We have had it in Super Rugby of late and it seems to have caused some confusion in how a referee should act after contact in play.
Yet it is old law little changed.
It appears in writing first in 885 and reads: 'The ball is dead if it touches an Umpire or Referee, and scrummaged on the spot.' (Umpires were the forerunners of assistant referees but were actually on the field and close to play.)
This the essence of modern law.
Originally it was about the ball touching the referee but there was a change in 1892: 'He [the referee] must blow his whistle if the ball or a player running with the ball touch him.' In 1911 it was laid down that if a player carrying the ball in ingoal made contact with the referee a touchdown should be awarded where the contact was made.
In 1958 there was an important change. If the referee considered that neither team had gained an advantage from the referee's contact with the ball or ball-carrier, he was to allow play to continue. This goes for contact in ingoal as well.
The Law is now as follows:
Law 6.A.9 THE BALL TOUCHING THE REFEREE
(a) If the ball or the ball-carrier touches the referee and neither team gains an advantage, play continues. If either team gains an advantage in the field of play, the referee orders a scrum and the team that last played the ball has the throw-in.

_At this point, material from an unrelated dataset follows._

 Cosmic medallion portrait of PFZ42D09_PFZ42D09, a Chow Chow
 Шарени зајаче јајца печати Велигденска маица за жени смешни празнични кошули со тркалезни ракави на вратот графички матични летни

(b) If either team gains an advantage in in-goal, if the ball is in possession of an attacking player the referee awards a try where the contact took place.
(c) If either team gains an advantage in in-goal, if the ball is in possession of a defending player, the referee awards a touch down where the contact took place.
All of that is clear. But what happens when a defender makes contact with the referee and is impeded from getting to a ball-carrier?
It happened when Tawera Kerr-Barlow scored a try for the Chiefs from a tackle/ruck close to the Hurricanes' line. The referee is watching matters and moves forward to be in a position to judge whether or not a try was scored. In doing so he gets into the defensive path of Chris Eaton the Hurricanes' scrumhalf.
There is nothing in the laws that covers such an eventuality. It's hard luck. the referee was not doing anything wrong. In fact he was doing the right thing, getting into position to do his duty and he had no means of evaporating.
Imagine of the law allowed the referee to stop the game if a defender made contact with him. He would become fair game for all desperate defenders!